簡易課税制度の適用を受ける場合において、前述のメリットだけではなくデメリットも生じます。
一般課税方式であれば、売上消費税額より仕入税額のほうが多いと、差額分は還付されます。しかし、簡易課税では、どんな場合であっても売上消費税額で納税額が計算されるため、必ず納付すべき消費税が発生します。そのため、簡易課税制度の適用を受ける課税期間に多額の設備投資などを行い経費負担が大きくなった場合、一般課税方式では消費税が還付されるところが逆に消費税を納めなくてはならず「払い損」になってしまうケースがあります。

簡易課税事業者になるかどうかは、中長期的な事業計画を踏まえた上で検討することをオススメします。

-2割特例とは?-

2割特例とは、消費税の納税額を計算する上での仕入税額を「売上消費税額×80%」で計算することができる特例制度です。計算の結果、納税額が売上消費税額の2割程度に収まるので2割特例と呼ばれます。

申告の手間と納税負担を嫌ってか、細々と事業を営む個人事業者の間ではインボイスの登録が進まないため、政府はインボイス登録のハードルを下げるべく、2023年度の税制改正でこの2割特例が設けられました。

-2割特例の対象となる事業者とならない事業者-

2割特例の制度は、誰でも使えるわけではありません。対象となる事業者とならない事業者がいます。

対象となる事業者

2割特例の対象となるのは、インボイス制度の開始を機に登録をし、免税事業者から課税事業者になる事業者です。
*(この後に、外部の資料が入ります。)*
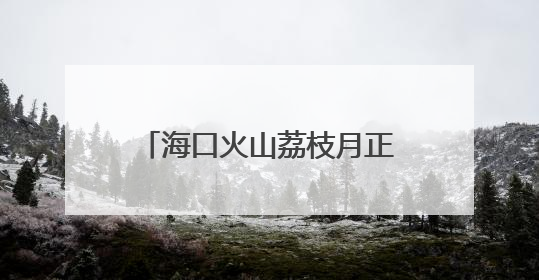 海口火山荔枝月正式启动 订单额（预售）4.11亿元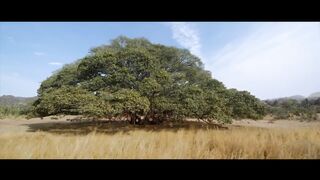Sarabha Movie Trailer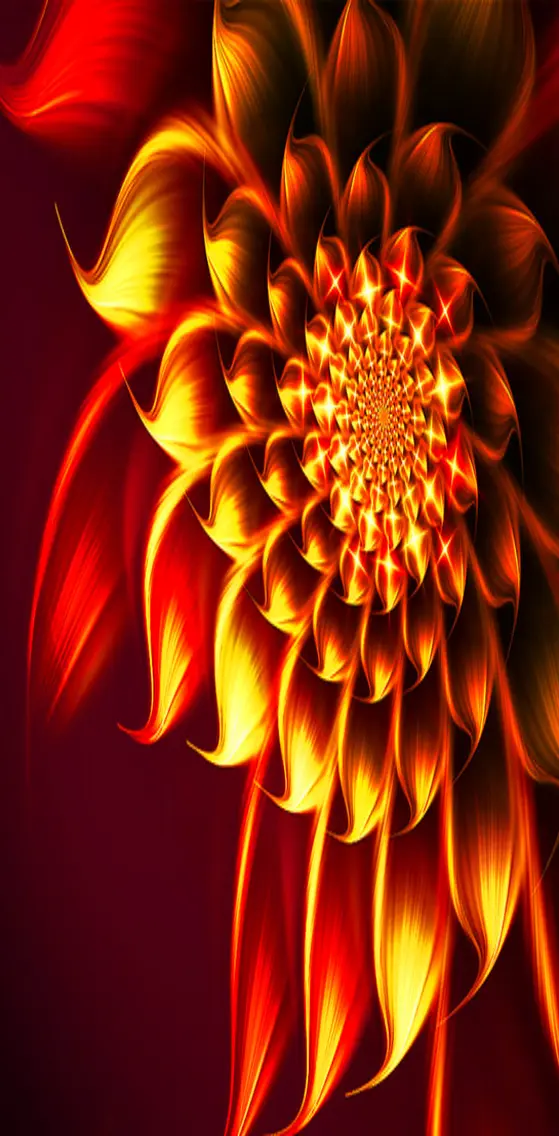 Abstract   Flower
具体的には、下記の事業者です。
基準期間における課税売上高も特定期間における課税売上高も1000万円以下の事業者で、インボイスの発行事業者に登録することで初めて課税事業者になる者

対象とならない事業者

2割特例の対象とならないのは次の要件に該当する事業者です。
一つでもあてはまると、2割特例は使えません。

  1. 基準期間か特定期間の課税売上高が1000万円を超える事業者
  2. 基準期間も特定期間も課税売上高は1000万円以下だが、課税事業者選択届出書を提出して2023年10月1日の属する課税期間以前から課税事業者になっている事業者
  3. 課税期間の短縮をしている事業者

ただし、上記②のうち2023年10月1日の属する課税期間から課税事業者になった事業者については例外的な扱いがあります。2023年10月1日の属する課税期間中に課税事業者選択不適用届出書を提出すれば、2023年10月1日から2割特例の適用を受けられるようになります。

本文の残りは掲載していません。